Celle piene, come l’istituto padre Annibale di Francia, a Palermo, che lunedì pomeriggio ha ospitato un convegno dei radicali sul tema del sovraffollamento delle carceri. Ad introdurre i lavori è stato il deputato regionale e sociologo Vincenzo Figuccia che ha sottolineato la drammaticità degli ultimi dati pervenuti dal Dipartimento Amministrazione Penitenziaria, secondo i quali ci sarebbe un surplus di circa 10.000 unità presso gli istituti penitenziari italiani. “Una vera e propria involuzione del nostro sistema – dice il parlamentare – che va risolta al paio con i diritti dei familiari dei detenuti, quei “detenuti virtuali” che troppo spesso vengono confinati e stipati in spazi per nulla idonei”.

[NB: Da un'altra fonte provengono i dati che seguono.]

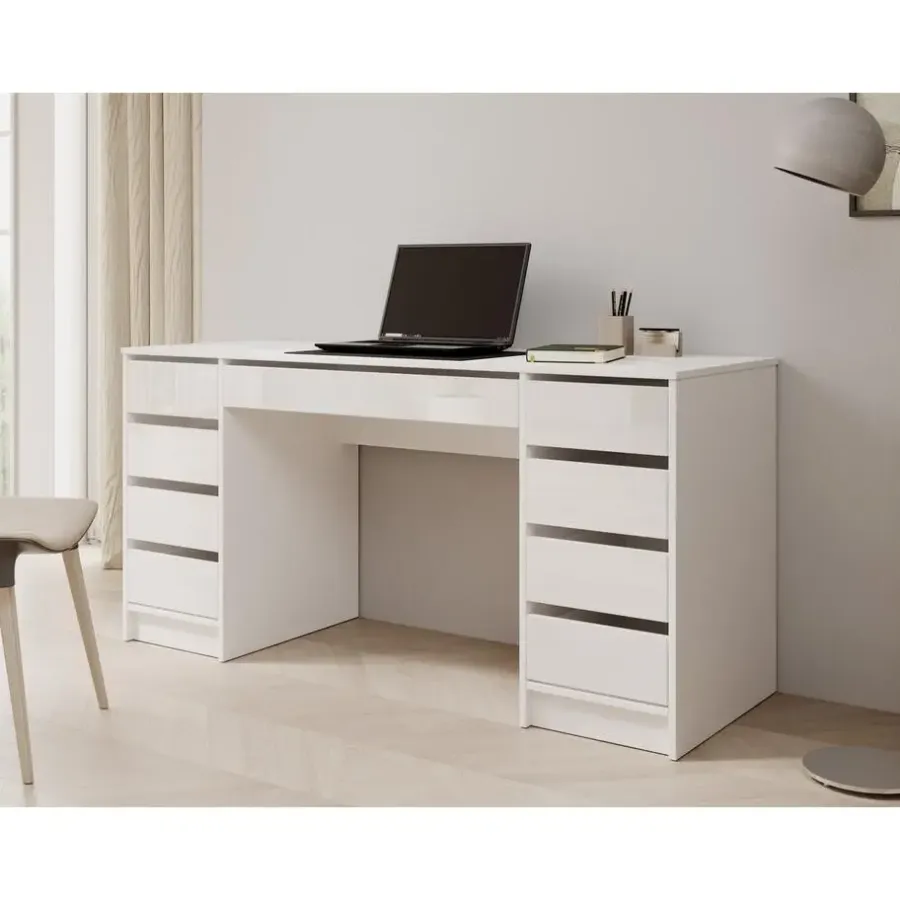 Meubella - Bureau Avio 2 - Wit hoogglans - 154 cm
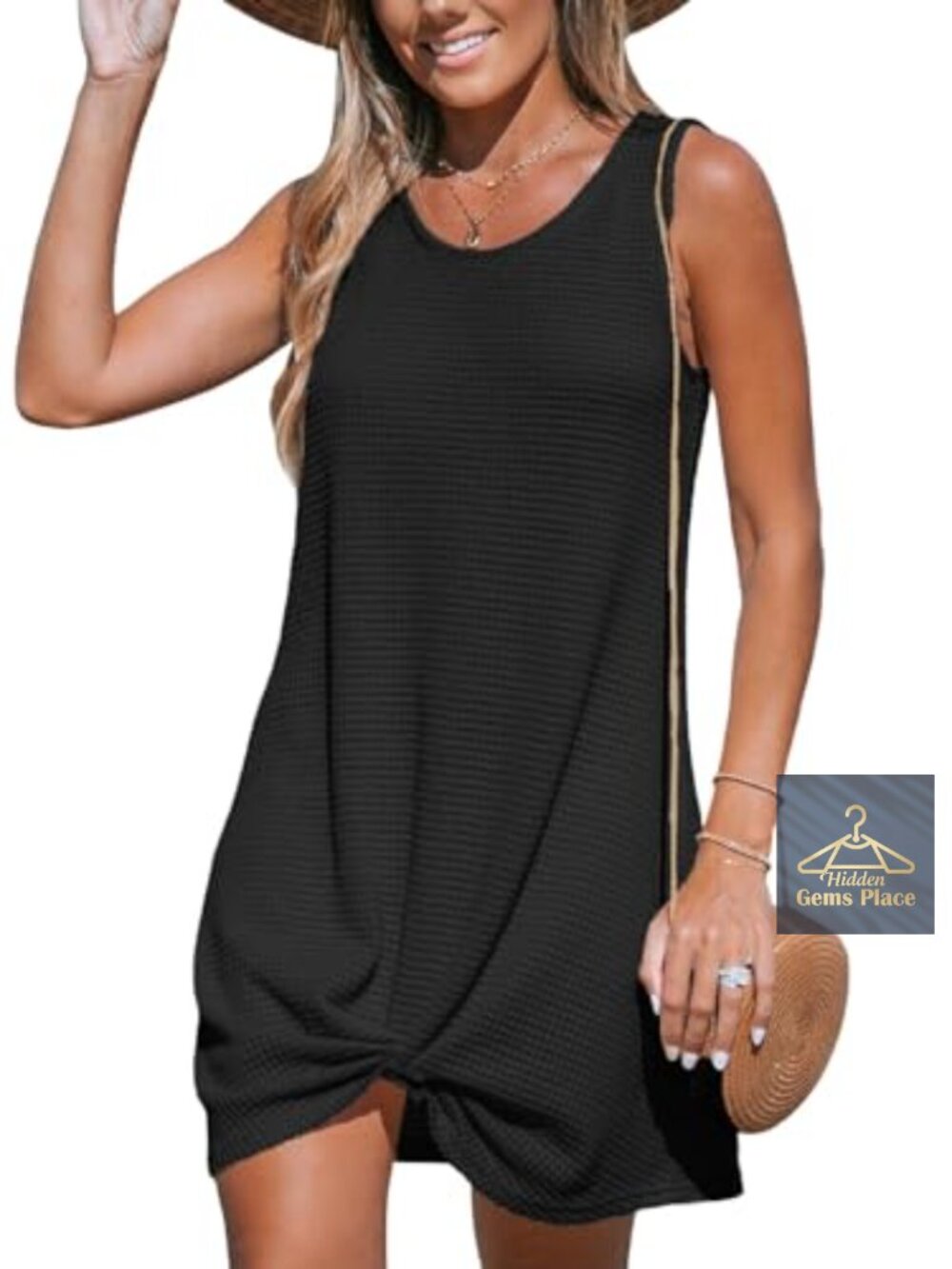 Waffle Knit Sleeveless Swim Cover-Up Mini Dress Beach Pool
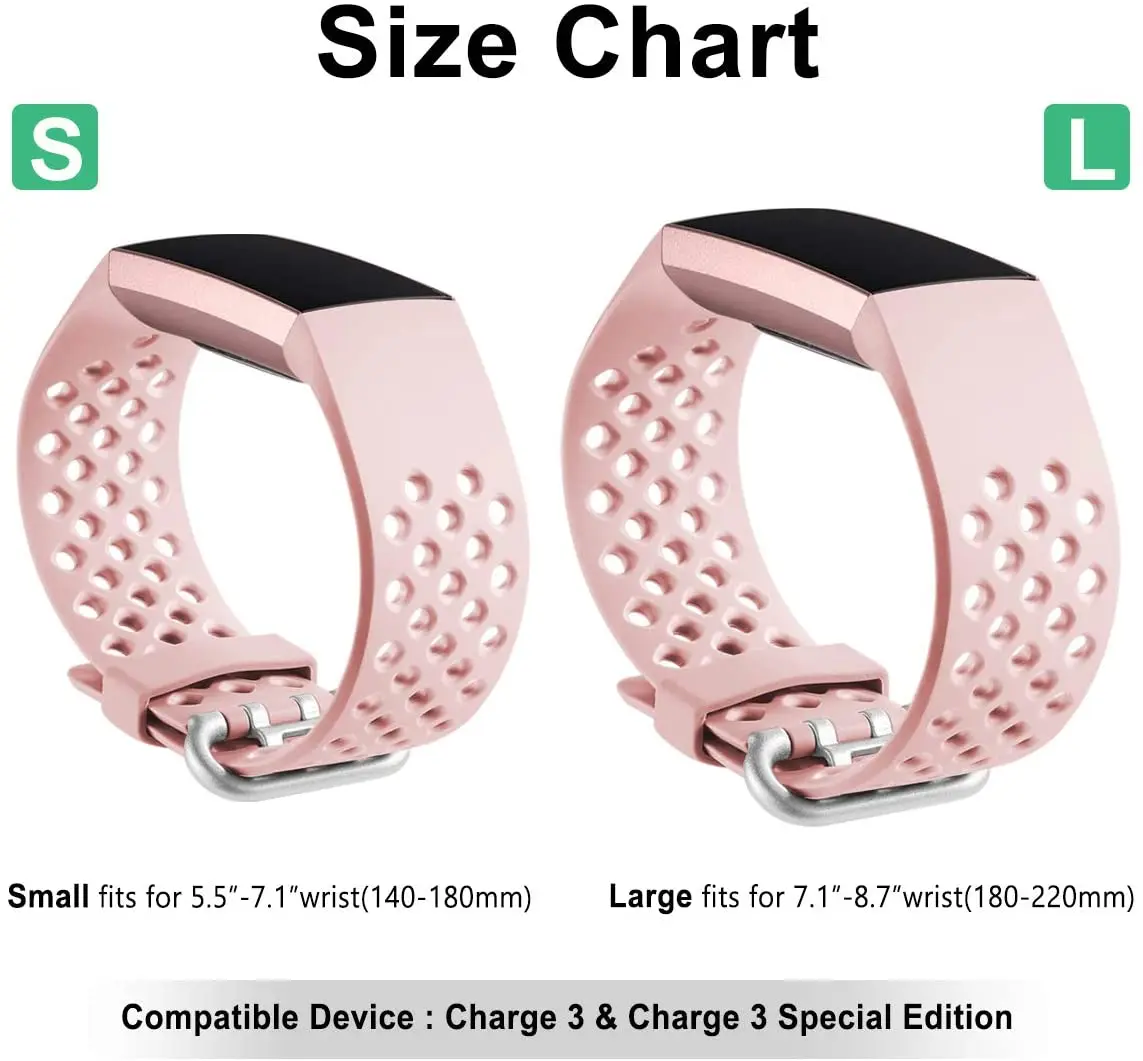 Ремешки совместимы с Fitbit Charge 3, Сменные аксессуары, дышащие ремешки для занятий спортом с отверстиями для воздуха
Ремешки совместимы с Fitbit Charge 3, Сменные аксессуары, дышащие ремешки для занятий спортом с отверстиями для воздуха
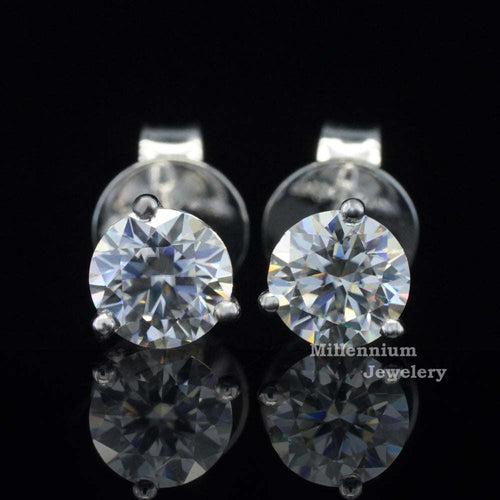 Round Cut Moissanite Stud Earrings For Women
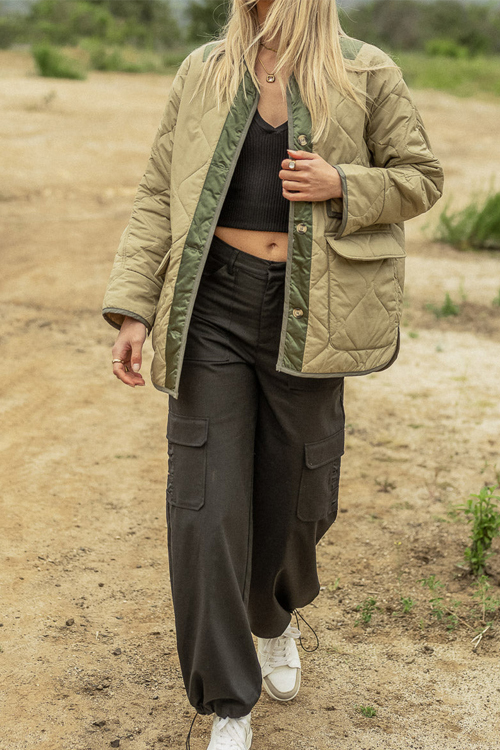 Kathiadress Hourglass quilted cotton color-block double patch pocket jacket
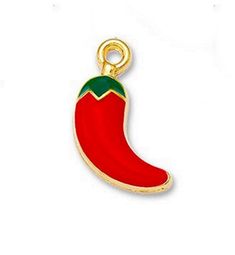 **Get this Charm for FREE with the purchase of any charm bracelet Good for charm bracelets, handbag charms, zipper pulls, and pendants, key rings, keychains and earrings. Enameled Red Chili Pepper Charm. Goldplated, hollow back. Messures 5/8 x 1/4. Zinc alloy, lead-free. Comes with jump ring not pictured. All items in stock and ships from Tennessee. Free Shipping Red Dangle Charms With Lobster Clasp, Red Enamel Jewelry With Charms, Novelty Red Charms Jewelry, Red Novelty Jewelry With Charms, Novelty Red Jewelry With Charms, Red Charms For Valentine's Day Gift, Red Valentine's Day Gift Charms, Green Charms, Red Chili Peppers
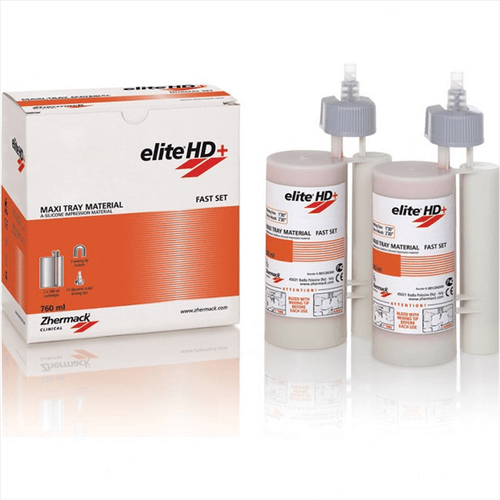 Zhermack Elite HD+ Maxi Tray Material Fast Set 2x380 ml - Otomatik Ölçü Cihazları İçin Yoğun Kıvamlı ve Yüksek Vizkoziteli A Silikon
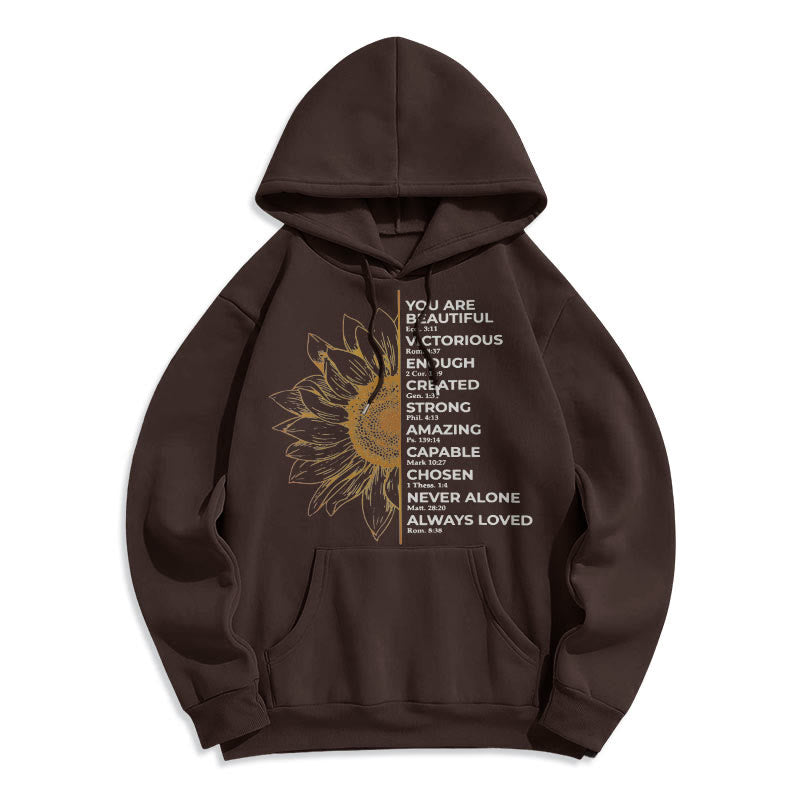 Christianartworkshop Quotation Style Sunflower Strength Positivity Fleece Lined Polyester Hoodie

Apre poi il ventaglio della prospettiva Rita Bernardini, presidente del Partito dei radicali: “La ragionevole durata dei processi prevista dall’art. 111 della Costituzione e dall’art. 6 della Cedu, oggi in Italia, non è assicurata. Sentenze che arrivano a troppi anni di distanza dal reato mentre nel nostro Paese ci sono 1000 errori giudiziari all’anno”. Intervenendo Sergio D’Elia, ha ricordato il “motto paolino” di cui Marco Pannella ha fatto tesoro e linea di condotta nella sua vita, “spes contra spem”. “È sempre attuale – dice D’Elia – perché proprio nei momenti bui della vita di un Paese e di ogni singola persona non bisogna mai abbandonarsi alla sfiducia e alla disperazione ma combattere per cambiare la realtà che ci opprime”.
Infine tra gli applausi è intervenuto l’ex presidente della Regione Sicilia, Totò Cuffaro, la cui presenza nella sala Mattarella dell’Ars – sempre per parlare di detenzione- aveva scatenato un vespaio. “Entrare in carcere ci priva non della libertà ma delle libertà. Dei colori e dei sapori, del cielo e dell’olio. Gli scritti di Cesare Beccaria dovrebbero ispirare l’assetto e la logica dell’espiazione della pena nel nostro Paese poiché un conto è proclamare i diritti un conto è attuarli, e la realtà è tristemente nota. L’Unione Europea – conclude – impone che per allevare maiali sia previsto uno spazio di almeno 7 metri quadri per ogni unità e l’allevatore è tenuto a rispettare questa misura. Non vedo e non concepisco il perché non si debba fare altrettanto per l’uomo, rispettando la dignità che gli è propria”.